Chef Adrianne: Driven by Flavor Fueled by Fire

January 15, 2009 9:42:47 AM PST
Only 24 years old, Adrianne Calvo is one of the most successful young chefs the country. Learning about food in her mother's kitchen in Chicago, Chef Adrianne has cooked for the United Nations (the youngest to ever do so), Will Smith, and P. Diddy. She catered the 2003 World Series for the Marlins when she only 19. Adrianne has co-hosted Food Talk with Rocco DiSpirito, who calls her the "prodigy chef." Named one of 50 Best Chefs in the World by Chef Report, she has just released her second book Chef Adrianne: Driven by Flavor Fueled by Fire. While her mother was her first cooking teacher, Chef Adrianne honed her culinary talents in the kitchens of five-star restaurants under the tutelage of European masters. Demonstrated her entrepreneurial spirit early in her career, she opened her own restaurant: Chef Adrianne's Vineyard Bar and Grill in Miami, making her, at 23, the youngest chef-restaurateur in the United States.

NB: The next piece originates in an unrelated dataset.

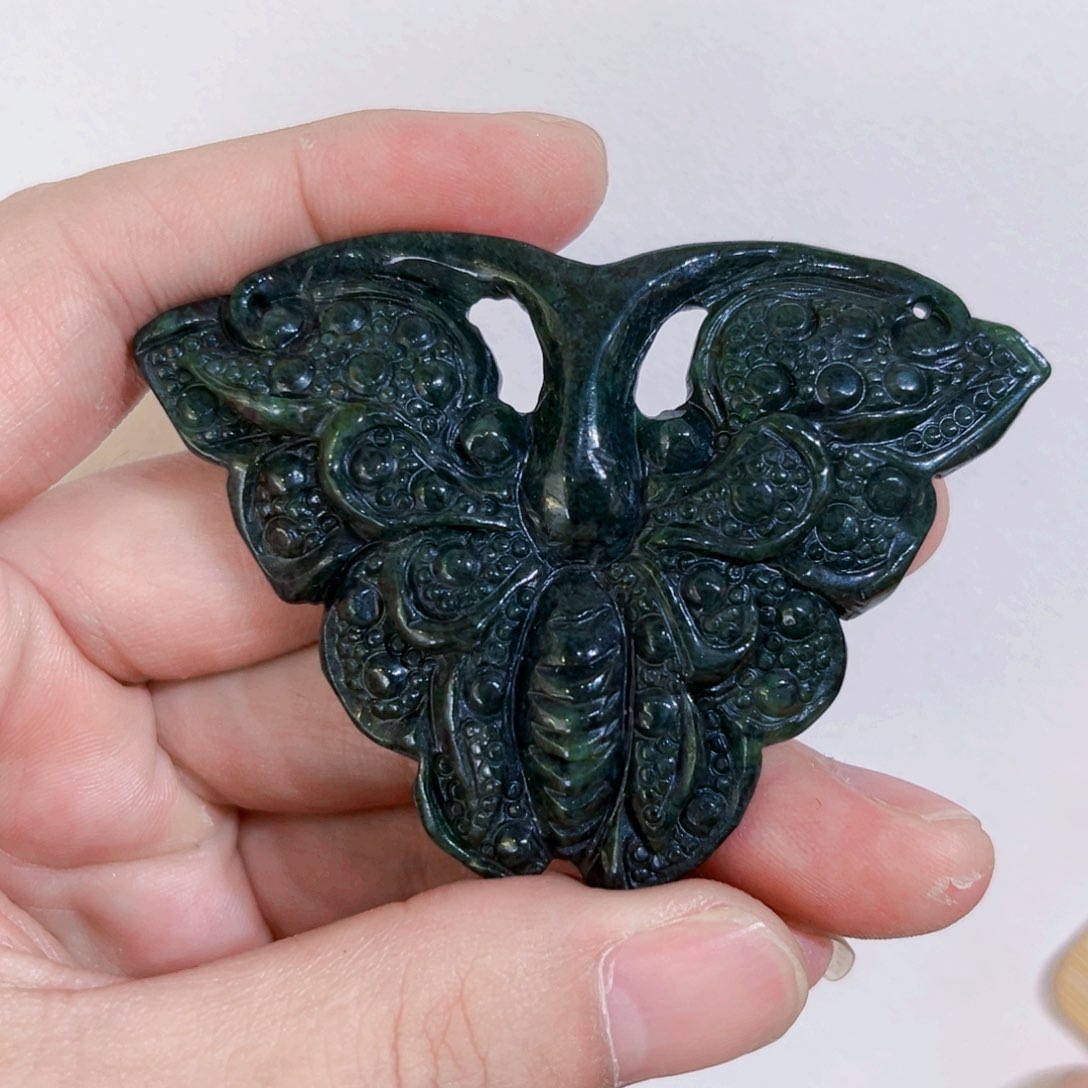 翡翠未镶嵌吊坠(赠链)?*代编织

Chef Adrianne: Driven by Flavor Fueled by Fire provides a glimpse of the vibrant, sometimes hectic life of one of the most accomplished, respected, and charismatic young chefs in the world. With photos of real events, this book shows how she started her now-famous restaurant and Wine Bar began. The book also features easy-to-learn recipes, tips on cooking like a pro and information on what foods work best during particular months of the year.

In the Spring of 2003, Adrianne caught the culinary world's eye when she won an Australian Culinary Competition. The prize was to cook her award winning dish at the United Nations in New York City. Among the distinguished guests were U-N Ambassadors; James Beard award representatives; writers for national food magazines, and producers from Food Network. Later that year, she won the National Grand Prize for "Search for the Seasoned Chef."

In 2004, Adrianne graduated top of her class from Johnson and Wales University and went on to work at the luxurious 5-diamond Mandarin Oriental Hotel in Miami, apprenticing under the executive chef of each department. She became the youngest chef to work at the property where a minimum of five to ten years of experience is required. Leaving the Mandarin Oriental, she went to work under Chef Thomas Keller and Chef Cindy Pawlcyn. She calls it an experience that would change her perception of food forever. She adds, It was also there where the inspiration came for her cookbook, Maximum Flavor and her line of products, Maximum Flavor Essentials.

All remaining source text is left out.